Triste San Valentín
Cuando el repicar de las campanas de la catedral sonaron doce veces, respiré aliviado; después me levanté de una de las bancas de la plaza, caminé algunos metros y miré hacia atrás; todo seguía igual, nadie notó mi ausencia, de la misma forma que nadie notó mi presencia. Así se terminó el catorce.
Cada día como este, las parejas, siempre diferentes, siempre novedosas, se adornan con algún enorme globo rojo con forma de corazón, o de un ramo de flores generalmente rojo, caminan por las calles más transitadas, perdiéndose entre el tumulto y siguiendo el ritmo que marca la sociedad.

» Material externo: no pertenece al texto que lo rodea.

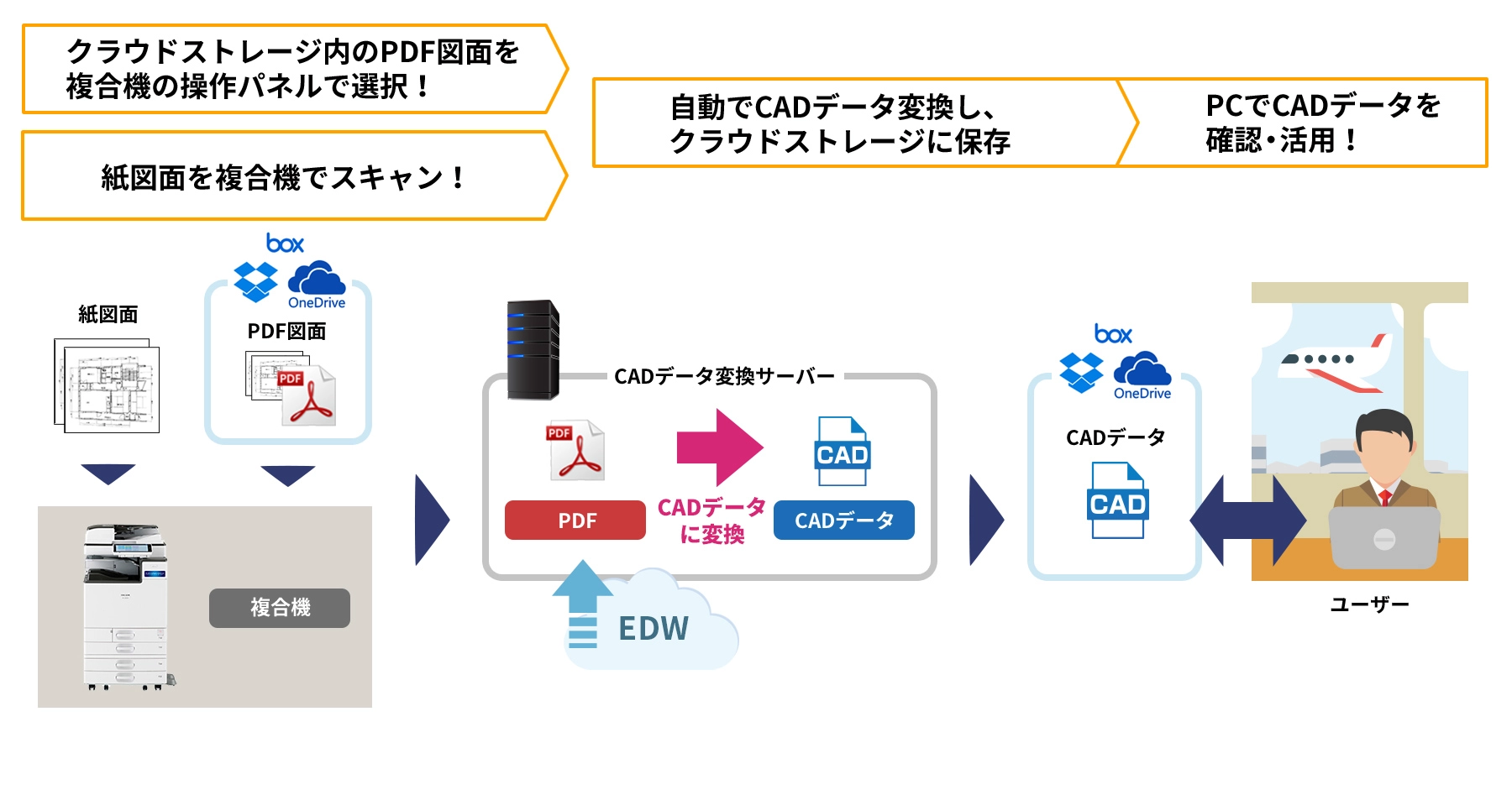 クラウドストレージ内のPDF図面を複合機の操作パネルで選択！ 紙図面を複合機でスキャン！ 自動でCADデータ変換し、クラウドストレージに保存 PCでCADデータを確認・活用！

La falta de creatividad lastima mi comprensión; aún con el paso de los años, no logro adaptarme a lo común, a lo normal, a la media. Pero no soy diferente, sólo soy raro, extraño, una metáfora de una vida cualquiera, un poema de lo mundano, una estrella en el infinito o un vacío en la vida que no se puede observar.
Mientras me alejo de la banca, vienen a mi mente los recuerdos de una existencia corta en el amor, como el de una moza de larga cabellera con rosadas mejillas, que alumbró mis años de estudiante y me enseñó a amar. También extraño a una señorita que compartió conmigo noches de vibrante intimidad, alguien que se atrevió a cubrir mi espalda con su pecho tibio, alguien que cada noche, comprendió mi fragilidad.
Y si en medio de mis memorias me perdí por las calles vacías de una noche festiva en esta ciudad, era sólo para pensar en una mujer ya madura, de quien nada puedo esperar, pero que mi corazón, naturalmente soñador, la convierte en unos versos de amarga soledad, siguiendo el ritmo cansino que me acostumbré a narrar.
Así me alejé hasta llegar al pie del río y encontrarme en una solitaria terraza mirando la luna llena, aquella que nunca se fue, en quien puedo confiar, porque sé que estará para mi otra noche, como ninguna mujer jamás podrá.